• [Problem] Could you restate word for word every line from the one containing "May include: A" to the end of the data below, pictures excluded?

• [Given information]
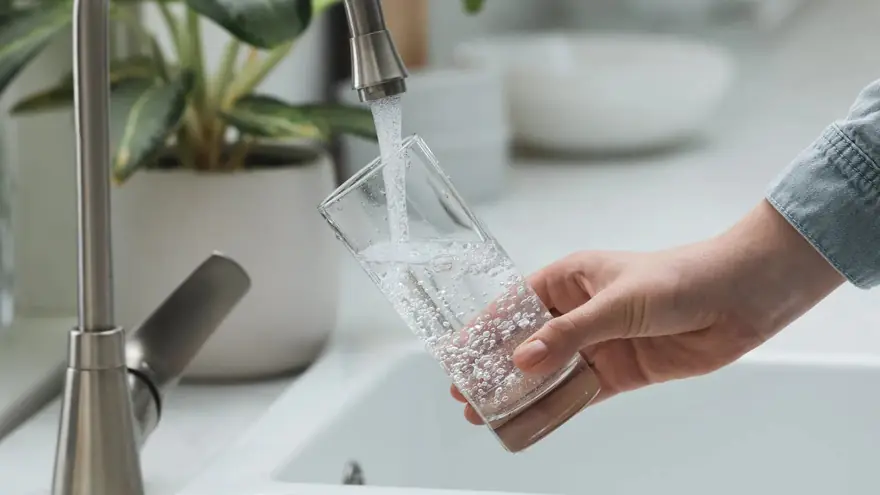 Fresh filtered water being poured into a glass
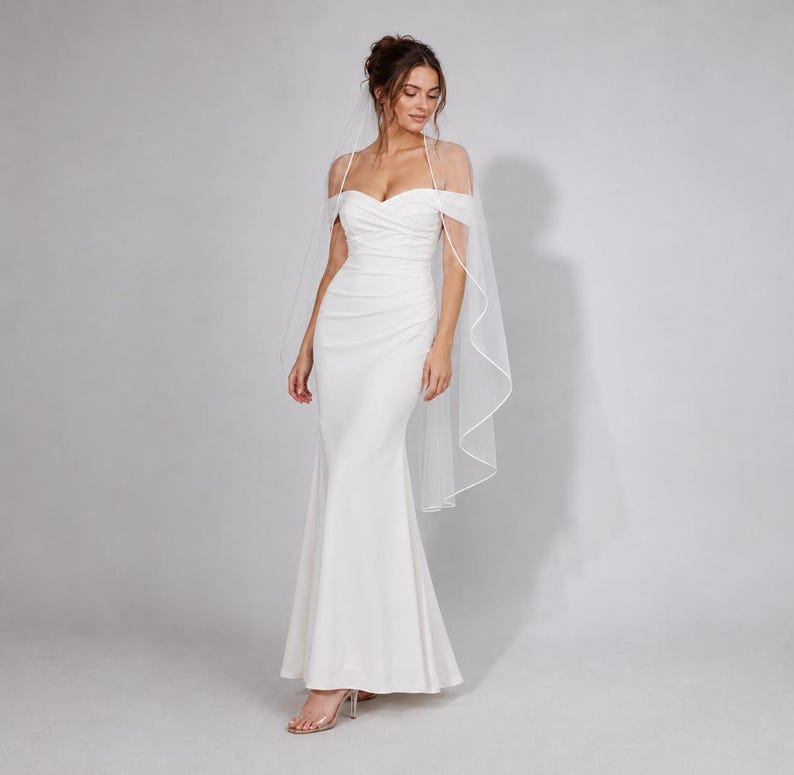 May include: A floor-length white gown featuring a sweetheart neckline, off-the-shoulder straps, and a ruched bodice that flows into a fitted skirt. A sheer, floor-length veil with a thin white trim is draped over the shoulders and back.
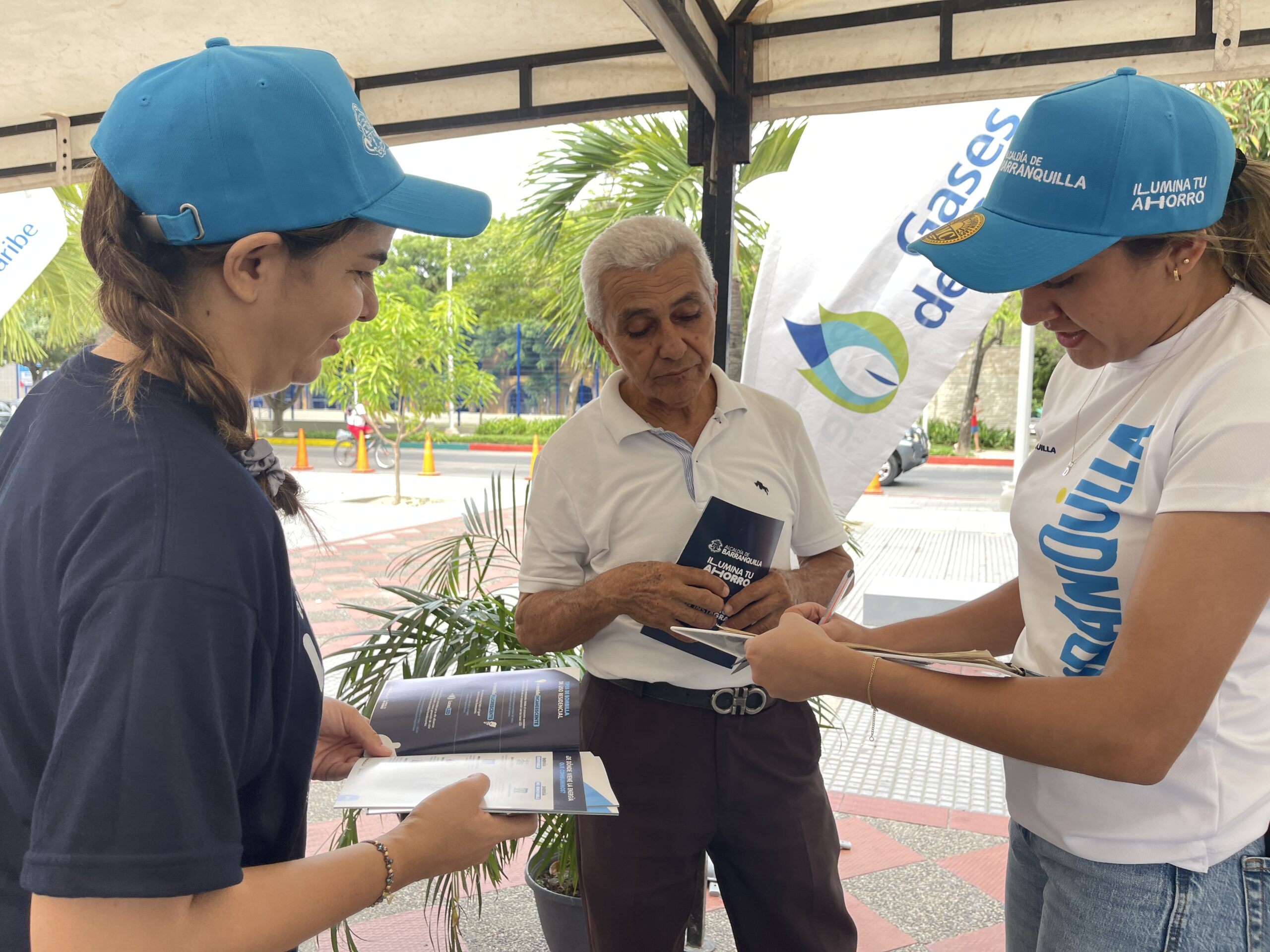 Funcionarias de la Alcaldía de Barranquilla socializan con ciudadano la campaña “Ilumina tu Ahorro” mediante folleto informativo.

• [Solution to this problem]
 May include: A floor-length white gown featuring a sweetheart neckline, off-the-shoulder straps, and a ruched bodice that flows into a fitted skirt. A sheer, floor-length veil with a thin white trim is draped over the shoulders and back.
 Funcionarias de la Alcaldía de Barranquilla socializan con ciudadano la campaña “Ilumina tu Ahorro” mediante folleto informativo.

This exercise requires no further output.